[Gluster-users] Slow NFS performance with Replication

Mon Jun 30 17:44:49 UTC 2014

Hi all,

I have been experimenting with using gluster as a VM storage backend on
VMWare ESXi.  We are using Gluster NFS to share out storage to VMware
ESXi.  Our current setup includes 2 storage servers, in a 1x2 replication
pool, each with approximately 16TB of storage shared via gluster.  The NFS
servers are connected via 10Gbps NICs to the ESXi systems, and we've
dedicated a cross connected link for gluster replication between the
storage servers.

After some initial testing, we are only getting approximately 160-200MBps
on write speeds.  If we drop a brick from the volume, so replication does
not take place, we start seeing writes on the order of 500-600MBps.  We
would expect the writes to be in the 500MBps range with replication turned
on, however we are seeing less than half of that over 10Gbps links.

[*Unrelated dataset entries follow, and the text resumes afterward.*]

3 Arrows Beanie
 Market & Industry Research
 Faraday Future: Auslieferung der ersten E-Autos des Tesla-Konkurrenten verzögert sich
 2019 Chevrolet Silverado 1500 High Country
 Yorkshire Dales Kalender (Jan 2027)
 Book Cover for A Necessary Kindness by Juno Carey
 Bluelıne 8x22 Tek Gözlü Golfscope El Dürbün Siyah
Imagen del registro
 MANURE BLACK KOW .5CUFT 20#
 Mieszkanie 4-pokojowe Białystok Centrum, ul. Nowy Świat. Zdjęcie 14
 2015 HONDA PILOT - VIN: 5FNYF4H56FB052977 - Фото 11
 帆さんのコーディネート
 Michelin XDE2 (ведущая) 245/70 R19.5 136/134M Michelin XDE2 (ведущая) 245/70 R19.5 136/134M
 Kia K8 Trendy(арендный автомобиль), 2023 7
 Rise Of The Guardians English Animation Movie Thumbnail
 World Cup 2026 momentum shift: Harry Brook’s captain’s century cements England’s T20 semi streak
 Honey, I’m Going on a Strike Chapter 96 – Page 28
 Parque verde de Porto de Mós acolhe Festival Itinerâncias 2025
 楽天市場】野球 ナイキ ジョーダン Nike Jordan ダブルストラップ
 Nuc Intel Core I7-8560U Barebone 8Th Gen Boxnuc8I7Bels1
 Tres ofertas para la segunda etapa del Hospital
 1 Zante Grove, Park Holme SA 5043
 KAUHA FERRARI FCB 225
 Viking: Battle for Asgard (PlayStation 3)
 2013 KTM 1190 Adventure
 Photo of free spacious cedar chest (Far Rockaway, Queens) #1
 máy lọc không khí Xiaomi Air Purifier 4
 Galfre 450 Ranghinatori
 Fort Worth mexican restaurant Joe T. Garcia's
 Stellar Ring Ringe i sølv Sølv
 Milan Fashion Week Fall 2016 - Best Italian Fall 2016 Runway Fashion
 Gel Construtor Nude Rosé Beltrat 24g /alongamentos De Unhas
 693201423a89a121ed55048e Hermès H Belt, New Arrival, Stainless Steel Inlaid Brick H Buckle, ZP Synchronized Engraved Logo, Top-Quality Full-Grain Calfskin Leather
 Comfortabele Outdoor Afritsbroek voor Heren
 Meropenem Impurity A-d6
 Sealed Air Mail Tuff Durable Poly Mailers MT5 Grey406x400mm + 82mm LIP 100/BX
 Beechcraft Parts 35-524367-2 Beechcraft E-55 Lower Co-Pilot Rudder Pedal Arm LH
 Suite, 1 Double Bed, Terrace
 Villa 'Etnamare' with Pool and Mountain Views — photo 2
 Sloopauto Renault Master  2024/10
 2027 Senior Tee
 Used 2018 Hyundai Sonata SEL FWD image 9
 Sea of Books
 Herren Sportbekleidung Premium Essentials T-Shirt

We also notice that write heavy VMs start IO waiting quite a bit with
replication turned on.

We have increased thread counts with the performance.* variables, but that
has not improved our situation.  When taking VMWare out of the equation
(by mounting directly with an NFS client on a different server), we see
the same results.  

Is this normal speed for 10Gbps interconnects with a replicate volume?

Here is our current gluster config.  We are running gluster 3.5.0:

Volume Name: gvol0
Type: Replicate
Volume ID: e88afc1c-50d3-4e2e-b540-4c2979219d12
Status: Started
Number of Bricks: 1 x 2 = 2
Transport-type: tcp
Bricks:
Brick1: nfs0g:/data/brick0/gvol0
Brick2: nfs1g:/data/brick0/gvol0
Options Reconfigured:
nfs.disable: 0
network.ping-timeout: 3

nfs.drc off

----------
Brent Kolasinski
Computer Systems Engineer

Argonne National Laboratory
Decision and Information Sciences
ARM Climate Research Facility